Exercise goal:
Please retype the listing exactly as it appears, skipping each picture.

Supplied data:
──────────────────────────────
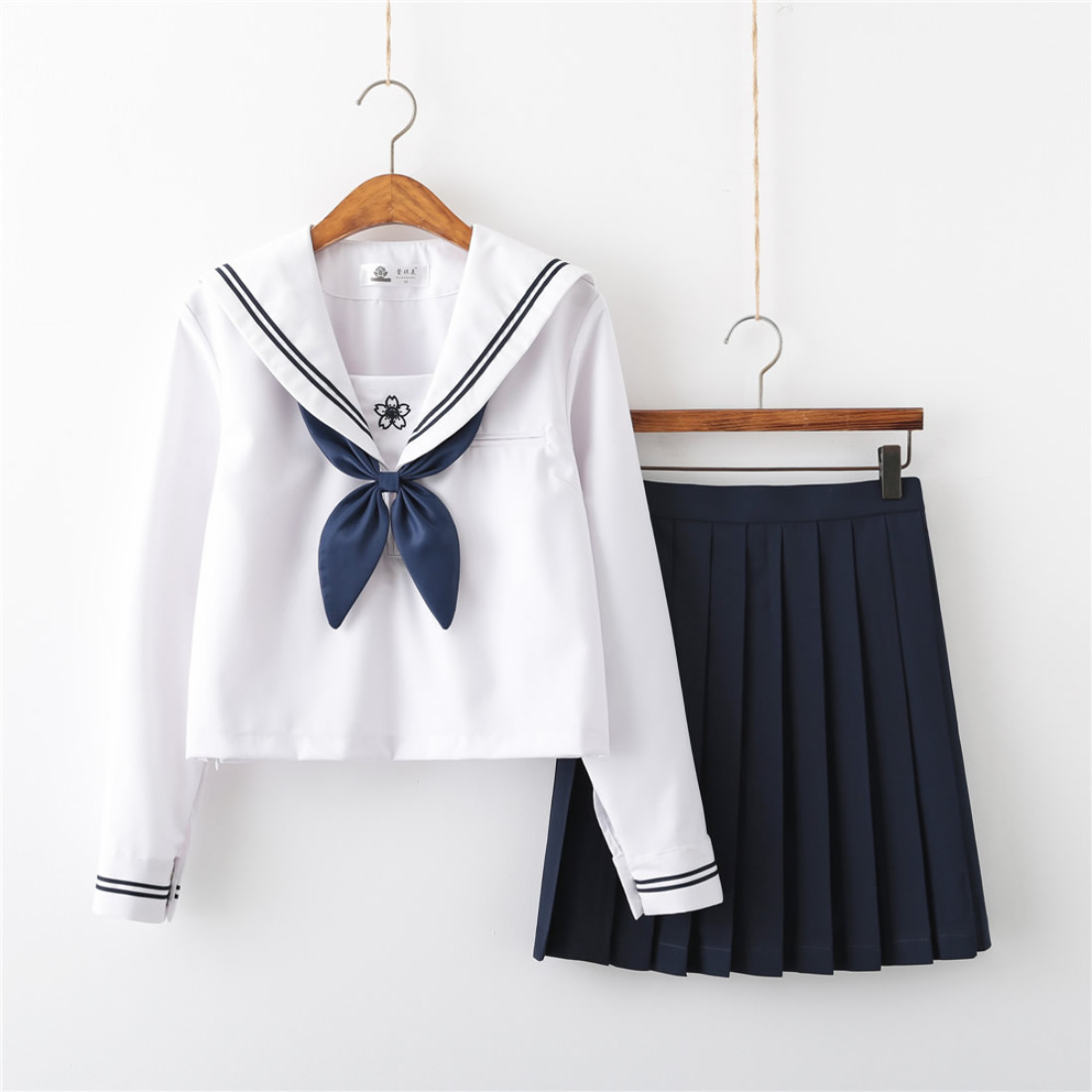 Long sleeve short skirt   bow tie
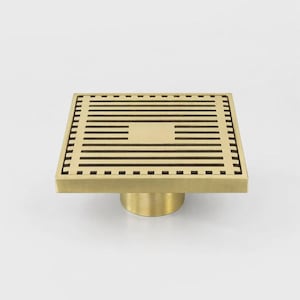 May include: A square-shaped brass floor drain featuring a series of horizontal parallel slats across the top surface and a solid central square section. The drain includes a cylindrical base component extending downward from the center of the grate.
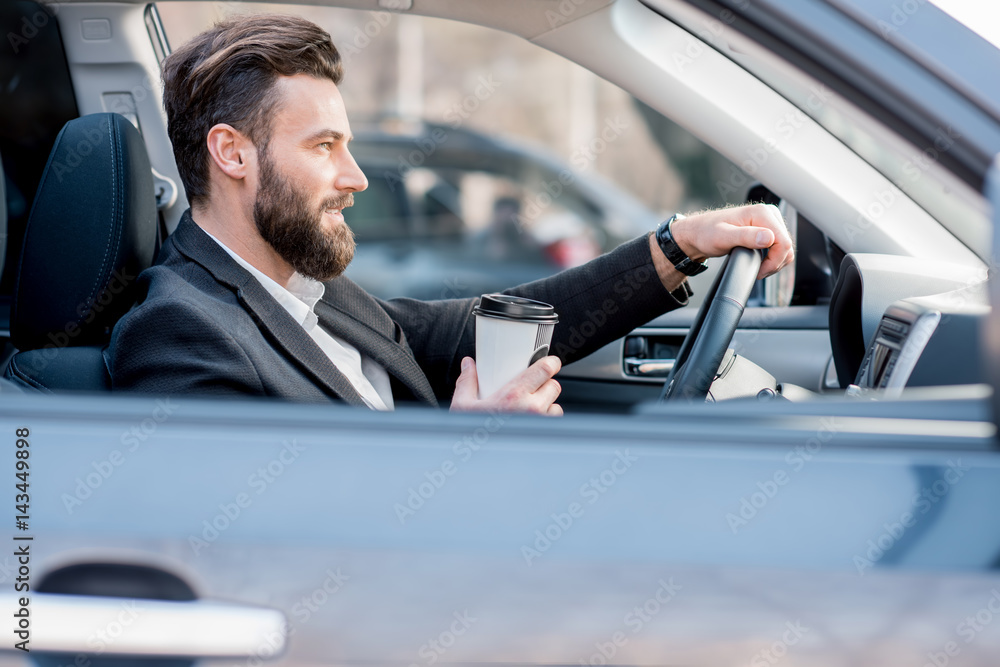 Handsome businessman driving a car with coffee to go in the city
──────────────────────────────
Task solution:
 Long sleeve short skirt   bow tie
 May include: A square-shaped brass floor drain featuring a series of horizontal parallel slats across the top surface and a solid central square section. The drain includes a cylindrical base component extending downward from the center of the grate.
 Handsome businessman driving a car with coffee to go in the city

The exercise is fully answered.